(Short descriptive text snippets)
* * * * * * * * *

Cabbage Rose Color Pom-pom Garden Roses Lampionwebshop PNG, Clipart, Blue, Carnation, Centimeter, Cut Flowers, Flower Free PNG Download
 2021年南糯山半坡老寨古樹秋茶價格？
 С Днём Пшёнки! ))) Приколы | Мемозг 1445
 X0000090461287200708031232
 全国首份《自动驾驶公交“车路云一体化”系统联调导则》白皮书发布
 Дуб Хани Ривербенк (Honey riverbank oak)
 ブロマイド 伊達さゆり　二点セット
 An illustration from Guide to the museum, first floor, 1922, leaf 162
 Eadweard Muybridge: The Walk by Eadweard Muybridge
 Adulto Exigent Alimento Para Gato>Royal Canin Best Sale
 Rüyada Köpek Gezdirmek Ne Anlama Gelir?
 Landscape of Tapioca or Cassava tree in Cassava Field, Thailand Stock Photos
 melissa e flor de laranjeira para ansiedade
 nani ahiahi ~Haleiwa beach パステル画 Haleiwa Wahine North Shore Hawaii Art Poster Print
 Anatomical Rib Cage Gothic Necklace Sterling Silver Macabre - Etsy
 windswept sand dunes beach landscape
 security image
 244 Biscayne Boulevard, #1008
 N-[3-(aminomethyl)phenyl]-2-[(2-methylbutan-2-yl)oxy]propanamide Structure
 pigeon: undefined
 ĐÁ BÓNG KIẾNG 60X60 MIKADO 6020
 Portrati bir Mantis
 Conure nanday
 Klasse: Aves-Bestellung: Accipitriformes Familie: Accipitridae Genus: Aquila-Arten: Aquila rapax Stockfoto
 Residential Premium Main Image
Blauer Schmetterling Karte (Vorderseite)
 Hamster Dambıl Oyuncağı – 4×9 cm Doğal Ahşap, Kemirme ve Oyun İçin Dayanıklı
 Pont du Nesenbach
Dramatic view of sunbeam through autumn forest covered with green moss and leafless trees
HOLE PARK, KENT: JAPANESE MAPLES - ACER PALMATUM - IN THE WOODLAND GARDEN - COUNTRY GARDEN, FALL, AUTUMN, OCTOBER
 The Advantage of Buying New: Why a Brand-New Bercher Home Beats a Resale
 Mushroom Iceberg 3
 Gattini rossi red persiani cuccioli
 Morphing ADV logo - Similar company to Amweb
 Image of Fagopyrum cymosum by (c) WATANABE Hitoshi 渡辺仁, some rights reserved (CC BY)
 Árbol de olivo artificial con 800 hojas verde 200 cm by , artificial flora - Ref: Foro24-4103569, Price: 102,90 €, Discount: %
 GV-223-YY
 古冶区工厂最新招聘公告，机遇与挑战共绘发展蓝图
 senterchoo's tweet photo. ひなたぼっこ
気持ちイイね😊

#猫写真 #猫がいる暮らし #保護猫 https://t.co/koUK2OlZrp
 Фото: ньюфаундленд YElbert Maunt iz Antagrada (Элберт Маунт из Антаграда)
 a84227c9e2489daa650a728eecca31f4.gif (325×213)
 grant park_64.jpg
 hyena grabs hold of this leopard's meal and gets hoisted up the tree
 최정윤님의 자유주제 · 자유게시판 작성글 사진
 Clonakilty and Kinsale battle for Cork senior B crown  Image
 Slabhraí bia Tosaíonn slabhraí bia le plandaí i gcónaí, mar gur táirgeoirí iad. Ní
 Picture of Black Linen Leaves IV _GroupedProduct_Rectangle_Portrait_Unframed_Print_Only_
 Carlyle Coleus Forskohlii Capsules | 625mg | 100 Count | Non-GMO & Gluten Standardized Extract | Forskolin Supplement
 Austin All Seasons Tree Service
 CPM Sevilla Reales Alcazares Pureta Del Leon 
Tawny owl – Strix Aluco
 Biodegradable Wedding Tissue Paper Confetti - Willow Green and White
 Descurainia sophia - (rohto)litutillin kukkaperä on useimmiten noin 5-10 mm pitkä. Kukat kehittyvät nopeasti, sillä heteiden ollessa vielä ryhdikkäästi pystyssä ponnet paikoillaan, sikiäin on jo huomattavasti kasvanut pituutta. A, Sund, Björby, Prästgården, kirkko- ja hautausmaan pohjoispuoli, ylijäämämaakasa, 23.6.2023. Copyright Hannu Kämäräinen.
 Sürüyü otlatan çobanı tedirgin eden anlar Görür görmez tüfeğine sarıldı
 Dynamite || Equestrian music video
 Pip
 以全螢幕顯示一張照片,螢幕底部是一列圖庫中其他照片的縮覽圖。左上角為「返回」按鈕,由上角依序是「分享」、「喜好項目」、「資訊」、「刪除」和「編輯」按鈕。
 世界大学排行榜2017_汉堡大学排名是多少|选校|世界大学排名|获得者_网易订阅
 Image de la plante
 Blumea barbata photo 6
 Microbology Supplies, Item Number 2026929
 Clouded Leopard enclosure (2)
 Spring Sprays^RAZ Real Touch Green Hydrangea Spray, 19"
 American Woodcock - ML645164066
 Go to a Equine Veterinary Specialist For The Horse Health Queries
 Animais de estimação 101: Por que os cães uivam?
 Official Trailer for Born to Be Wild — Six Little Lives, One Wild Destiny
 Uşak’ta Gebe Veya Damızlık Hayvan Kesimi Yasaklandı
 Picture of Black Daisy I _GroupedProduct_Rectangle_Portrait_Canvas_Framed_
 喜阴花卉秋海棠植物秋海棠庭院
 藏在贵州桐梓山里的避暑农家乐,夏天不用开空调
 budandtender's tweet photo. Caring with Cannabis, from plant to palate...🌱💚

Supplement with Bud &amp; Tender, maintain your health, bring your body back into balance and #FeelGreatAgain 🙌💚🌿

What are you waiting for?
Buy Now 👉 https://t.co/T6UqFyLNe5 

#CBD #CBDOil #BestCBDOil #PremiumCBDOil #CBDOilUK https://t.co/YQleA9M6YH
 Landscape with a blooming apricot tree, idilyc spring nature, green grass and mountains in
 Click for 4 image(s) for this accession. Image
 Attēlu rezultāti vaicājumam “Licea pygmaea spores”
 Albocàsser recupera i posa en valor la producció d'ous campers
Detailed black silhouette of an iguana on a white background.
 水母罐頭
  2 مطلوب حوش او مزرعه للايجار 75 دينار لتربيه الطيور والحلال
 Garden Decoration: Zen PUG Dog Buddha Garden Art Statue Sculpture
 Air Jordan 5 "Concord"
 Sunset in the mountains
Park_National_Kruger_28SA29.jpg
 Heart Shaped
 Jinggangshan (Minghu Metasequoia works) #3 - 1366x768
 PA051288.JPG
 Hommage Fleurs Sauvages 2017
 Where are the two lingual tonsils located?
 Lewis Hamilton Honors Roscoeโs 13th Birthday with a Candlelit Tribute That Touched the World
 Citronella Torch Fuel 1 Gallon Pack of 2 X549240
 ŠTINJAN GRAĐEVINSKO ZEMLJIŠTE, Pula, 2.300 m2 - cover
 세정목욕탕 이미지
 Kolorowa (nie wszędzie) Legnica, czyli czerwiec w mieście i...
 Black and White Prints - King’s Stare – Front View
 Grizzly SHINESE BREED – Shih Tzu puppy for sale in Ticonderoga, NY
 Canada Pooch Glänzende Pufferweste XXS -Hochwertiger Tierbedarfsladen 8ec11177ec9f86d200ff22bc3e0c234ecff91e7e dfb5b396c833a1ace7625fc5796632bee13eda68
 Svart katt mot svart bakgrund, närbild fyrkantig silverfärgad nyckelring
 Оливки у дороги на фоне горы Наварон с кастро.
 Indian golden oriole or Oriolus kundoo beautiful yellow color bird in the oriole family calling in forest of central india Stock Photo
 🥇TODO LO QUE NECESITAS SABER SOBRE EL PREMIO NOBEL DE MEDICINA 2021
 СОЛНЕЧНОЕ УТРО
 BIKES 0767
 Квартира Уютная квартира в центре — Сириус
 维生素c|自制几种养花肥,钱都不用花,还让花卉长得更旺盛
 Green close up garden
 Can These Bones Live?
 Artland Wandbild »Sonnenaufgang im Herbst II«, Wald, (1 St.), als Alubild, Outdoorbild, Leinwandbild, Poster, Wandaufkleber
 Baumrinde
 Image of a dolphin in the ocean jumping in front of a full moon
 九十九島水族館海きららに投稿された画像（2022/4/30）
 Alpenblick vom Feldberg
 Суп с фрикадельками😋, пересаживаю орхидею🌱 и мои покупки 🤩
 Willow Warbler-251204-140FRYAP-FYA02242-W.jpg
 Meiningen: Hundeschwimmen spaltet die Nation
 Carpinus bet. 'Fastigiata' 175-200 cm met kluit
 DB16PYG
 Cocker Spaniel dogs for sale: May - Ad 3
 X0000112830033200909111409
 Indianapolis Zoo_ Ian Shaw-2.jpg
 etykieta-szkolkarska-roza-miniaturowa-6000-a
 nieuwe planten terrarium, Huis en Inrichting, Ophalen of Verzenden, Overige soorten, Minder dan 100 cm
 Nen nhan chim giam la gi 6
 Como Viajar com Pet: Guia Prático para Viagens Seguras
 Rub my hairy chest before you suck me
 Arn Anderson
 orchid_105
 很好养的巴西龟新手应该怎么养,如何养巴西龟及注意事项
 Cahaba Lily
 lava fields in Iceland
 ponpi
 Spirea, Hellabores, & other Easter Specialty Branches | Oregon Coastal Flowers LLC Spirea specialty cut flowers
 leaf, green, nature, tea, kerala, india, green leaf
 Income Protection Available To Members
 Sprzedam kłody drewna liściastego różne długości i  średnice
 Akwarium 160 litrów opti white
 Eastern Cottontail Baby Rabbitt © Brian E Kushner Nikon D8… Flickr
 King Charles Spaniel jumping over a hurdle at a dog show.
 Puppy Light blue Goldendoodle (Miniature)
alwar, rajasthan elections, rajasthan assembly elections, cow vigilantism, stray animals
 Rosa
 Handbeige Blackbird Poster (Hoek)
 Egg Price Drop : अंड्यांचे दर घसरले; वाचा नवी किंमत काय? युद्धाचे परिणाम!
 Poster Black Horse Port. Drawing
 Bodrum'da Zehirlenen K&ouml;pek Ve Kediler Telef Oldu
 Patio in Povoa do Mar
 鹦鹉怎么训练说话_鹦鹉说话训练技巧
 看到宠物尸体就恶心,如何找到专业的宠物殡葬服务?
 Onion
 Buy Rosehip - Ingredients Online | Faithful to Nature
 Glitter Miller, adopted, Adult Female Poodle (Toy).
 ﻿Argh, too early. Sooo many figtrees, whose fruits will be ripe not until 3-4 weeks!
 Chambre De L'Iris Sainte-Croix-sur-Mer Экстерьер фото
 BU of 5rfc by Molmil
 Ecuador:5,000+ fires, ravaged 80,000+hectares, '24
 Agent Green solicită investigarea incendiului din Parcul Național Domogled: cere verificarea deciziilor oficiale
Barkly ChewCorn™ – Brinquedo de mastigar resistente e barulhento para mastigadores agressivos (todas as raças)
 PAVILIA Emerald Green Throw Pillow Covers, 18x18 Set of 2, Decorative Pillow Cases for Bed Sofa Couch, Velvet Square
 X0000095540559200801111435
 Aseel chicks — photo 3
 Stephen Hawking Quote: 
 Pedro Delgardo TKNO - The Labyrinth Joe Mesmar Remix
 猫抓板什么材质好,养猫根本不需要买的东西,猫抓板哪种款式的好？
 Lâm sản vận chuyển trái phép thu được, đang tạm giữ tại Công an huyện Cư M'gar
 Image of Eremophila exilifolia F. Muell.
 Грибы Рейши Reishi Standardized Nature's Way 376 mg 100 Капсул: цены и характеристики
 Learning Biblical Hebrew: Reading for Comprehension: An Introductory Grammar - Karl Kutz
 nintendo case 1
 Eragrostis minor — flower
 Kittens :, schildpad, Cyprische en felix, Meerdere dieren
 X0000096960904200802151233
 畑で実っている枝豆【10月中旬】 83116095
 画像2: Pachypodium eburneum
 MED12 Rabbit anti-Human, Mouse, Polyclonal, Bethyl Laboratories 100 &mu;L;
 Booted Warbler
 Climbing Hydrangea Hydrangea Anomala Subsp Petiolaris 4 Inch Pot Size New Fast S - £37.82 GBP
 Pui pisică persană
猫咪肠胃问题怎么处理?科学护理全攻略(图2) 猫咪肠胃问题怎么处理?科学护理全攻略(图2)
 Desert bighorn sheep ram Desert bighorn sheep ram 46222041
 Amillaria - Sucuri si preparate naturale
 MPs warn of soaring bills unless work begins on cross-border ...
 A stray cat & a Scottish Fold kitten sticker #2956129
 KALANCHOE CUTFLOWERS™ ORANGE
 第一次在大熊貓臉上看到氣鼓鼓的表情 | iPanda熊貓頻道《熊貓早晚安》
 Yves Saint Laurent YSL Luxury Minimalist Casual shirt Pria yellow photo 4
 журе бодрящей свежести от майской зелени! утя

* * * * * * * * *

-- Work instructions --
Copy out the lines above exactly, beginning at the one that contains "What are you waiting for?" and ending at the one that contains "Detailed black silhouette".

-- Task result --
What are you waiting for?
Buy Now 👉 https://t.co/T6UqFyLNe5 

#CBD #CBDOil #BestCBDOil #PremiumCBDOil #CBDOilUK https://t.co/YQleA9M6YH
 Landscape with a blooming apricot tree, idilyc spring nature, green grass and mountains in
 Click for 4 image(s) for this accession. Image
 Attēlu rezultāti vaicājumam “Licea pygmaea spores”
 Albocàsser recupera i posa en valor la producció d'ous campers
Detailed black silhouette of an iguana on a white background.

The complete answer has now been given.